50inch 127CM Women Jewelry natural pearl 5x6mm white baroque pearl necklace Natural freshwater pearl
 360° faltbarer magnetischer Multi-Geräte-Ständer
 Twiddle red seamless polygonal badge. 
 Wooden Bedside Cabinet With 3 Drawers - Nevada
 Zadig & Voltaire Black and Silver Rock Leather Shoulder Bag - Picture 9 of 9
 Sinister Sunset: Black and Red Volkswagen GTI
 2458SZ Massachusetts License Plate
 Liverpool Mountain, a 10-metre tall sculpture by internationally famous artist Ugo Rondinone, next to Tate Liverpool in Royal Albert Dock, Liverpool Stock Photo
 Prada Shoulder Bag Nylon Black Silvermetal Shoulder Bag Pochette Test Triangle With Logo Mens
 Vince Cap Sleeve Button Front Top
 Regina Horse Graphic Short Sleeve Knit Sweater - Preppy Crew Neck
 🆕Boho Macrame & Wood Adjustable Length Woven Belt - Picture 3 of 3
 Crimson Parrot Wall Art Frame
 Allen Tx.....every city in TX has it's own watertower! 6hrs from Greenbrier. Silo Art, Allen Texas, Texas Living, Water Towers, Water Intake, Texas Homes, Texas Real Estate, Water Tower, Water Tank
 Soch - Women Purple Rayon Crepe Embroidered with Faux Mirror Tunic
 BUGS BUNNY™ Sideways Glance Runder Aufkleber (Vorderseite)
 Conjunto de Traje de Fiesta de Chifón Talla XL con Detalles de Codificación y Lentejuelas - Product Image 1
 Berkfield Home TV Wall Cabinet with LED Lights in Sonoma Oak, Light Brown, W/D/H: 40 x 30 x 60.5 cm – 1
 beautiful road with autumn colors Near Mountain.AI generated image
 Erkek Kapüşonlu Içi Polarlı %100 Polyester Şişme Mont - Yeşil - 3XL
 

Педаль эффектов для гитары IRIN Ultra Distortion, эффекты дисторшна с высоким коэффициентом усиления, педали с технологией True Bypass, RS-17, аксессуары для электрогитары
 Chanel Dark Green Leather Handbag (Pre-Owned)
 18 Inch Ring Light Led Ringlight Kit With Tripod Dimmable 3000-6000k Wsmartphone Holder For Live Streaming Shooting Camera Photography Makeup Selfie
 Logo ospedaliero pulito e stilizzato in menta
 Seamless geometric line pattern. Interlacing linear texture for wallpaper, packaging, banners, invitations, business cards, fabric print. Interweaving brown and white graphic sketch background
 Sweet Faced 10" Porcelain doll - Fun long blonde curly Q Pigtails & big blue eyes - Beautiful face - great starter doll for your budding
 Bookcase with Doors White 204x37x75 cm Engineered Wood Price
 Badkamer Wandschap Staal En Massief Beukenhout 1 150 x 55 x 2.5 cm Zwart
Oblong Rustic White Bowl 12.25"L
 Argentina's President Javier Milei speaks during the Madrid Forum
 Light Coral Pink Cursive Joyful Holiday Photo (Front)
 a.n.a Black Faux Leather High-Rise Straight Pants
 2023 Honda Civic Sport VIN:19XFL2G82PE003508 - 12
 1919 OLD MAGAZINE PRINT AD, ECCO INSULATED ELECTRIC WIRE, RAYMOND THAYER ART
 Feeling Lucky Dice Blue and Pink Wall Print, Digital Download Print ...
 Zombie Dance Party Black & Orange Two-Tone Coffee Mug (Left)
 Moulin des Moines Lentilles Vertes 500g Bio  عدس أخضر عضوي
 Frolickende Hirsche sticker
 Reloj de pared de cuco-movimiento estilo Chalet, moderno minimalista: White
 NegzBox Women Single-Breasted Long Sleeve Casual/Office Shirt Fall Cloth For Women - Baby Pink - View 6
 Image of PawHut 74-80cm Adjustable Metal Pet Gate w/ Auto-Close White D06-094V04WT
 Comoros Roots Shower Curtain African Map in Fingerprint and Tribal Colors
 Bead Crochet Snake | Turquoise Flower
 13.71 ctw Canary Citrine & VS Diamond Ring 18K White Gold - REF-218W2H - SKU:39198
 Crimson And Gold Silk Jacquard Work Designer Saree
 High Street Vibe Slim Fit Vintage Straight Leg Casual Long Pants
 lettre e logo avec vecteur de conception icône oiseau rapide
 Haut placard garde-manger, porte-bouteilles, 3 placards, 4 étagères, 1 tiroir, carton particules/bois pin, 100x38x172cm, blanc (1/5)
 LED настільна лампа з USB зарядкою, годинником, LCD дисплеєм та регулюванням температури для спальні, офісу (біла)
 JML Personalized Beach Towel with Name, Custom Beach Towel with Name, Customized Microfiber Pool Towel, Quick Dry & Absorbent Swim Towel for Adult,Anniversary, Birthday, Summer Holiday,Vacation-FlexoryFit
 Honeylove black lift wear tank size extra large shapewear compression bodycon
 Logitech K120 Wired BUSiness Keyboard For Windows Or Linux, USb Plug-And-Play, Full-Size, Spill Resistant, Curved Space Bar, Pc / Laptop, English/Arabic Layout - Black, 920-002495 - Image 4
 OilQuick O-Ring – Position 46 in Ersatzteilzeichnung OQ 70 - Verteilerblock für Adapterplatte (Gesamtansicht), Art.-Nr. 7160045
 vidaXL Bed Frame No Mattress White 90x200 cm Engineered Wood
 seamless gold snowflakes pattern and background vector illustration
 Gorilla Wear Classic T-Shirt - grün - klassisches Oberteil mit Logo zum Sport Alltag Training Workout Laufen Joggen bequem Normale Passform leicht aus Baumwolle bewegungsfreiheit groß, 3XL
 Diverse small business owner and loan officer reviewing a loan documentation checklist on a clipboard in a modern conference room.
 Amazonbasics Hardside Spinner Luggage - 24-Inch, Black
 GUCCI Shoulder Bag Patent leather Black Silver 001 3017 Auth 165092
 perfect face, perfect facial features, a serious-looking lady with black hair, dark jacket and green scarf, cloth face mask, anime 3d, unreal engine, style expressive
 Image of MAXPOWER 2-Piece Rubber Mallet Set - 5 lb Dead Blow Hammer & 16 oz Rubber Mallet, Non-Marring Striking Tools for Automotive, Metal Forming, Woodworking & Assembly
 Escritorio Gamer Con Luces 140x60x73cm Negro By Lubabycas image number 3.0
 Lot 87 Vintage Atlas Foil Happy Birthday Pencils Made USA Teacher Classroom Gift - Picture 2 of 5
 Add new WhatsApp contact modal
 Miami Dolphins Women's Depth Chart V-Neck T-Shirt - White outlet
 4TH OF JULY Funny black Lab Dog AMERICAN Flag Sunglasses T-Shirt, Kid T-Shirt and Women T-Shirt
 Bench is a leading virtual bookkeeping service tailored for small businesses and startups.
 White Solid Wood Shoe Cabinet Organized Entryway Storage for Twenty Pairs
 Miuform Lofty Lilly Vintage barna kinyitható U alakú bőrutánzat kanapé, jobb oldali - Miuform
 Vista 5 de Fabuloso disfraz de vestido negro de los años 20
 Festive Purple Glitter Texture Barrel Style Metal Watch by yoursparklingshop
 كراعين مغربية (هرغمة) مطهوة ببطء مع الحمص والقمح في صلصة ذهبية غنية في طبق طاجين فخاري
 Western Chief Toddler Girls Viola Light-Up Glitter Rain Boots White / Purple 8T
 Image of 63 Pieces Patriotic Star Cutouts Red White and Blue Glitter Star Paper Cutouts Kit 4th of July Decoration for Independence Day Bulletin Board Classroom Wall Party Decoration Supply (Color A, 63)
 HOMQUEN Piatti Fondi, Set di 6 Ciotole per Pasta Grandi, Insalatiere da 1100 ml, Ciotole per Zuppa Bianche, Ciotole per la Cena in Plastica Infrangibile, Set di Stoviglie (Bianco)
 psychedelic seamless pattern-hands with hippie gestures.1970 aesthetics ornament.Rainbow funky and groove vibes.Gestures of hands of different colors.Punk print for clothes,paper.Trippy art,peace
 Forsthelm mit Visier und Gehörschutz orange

■ Task directions ■
State how many lines above include the word "Cabinet", and nothing more.

■ Expected output ■
3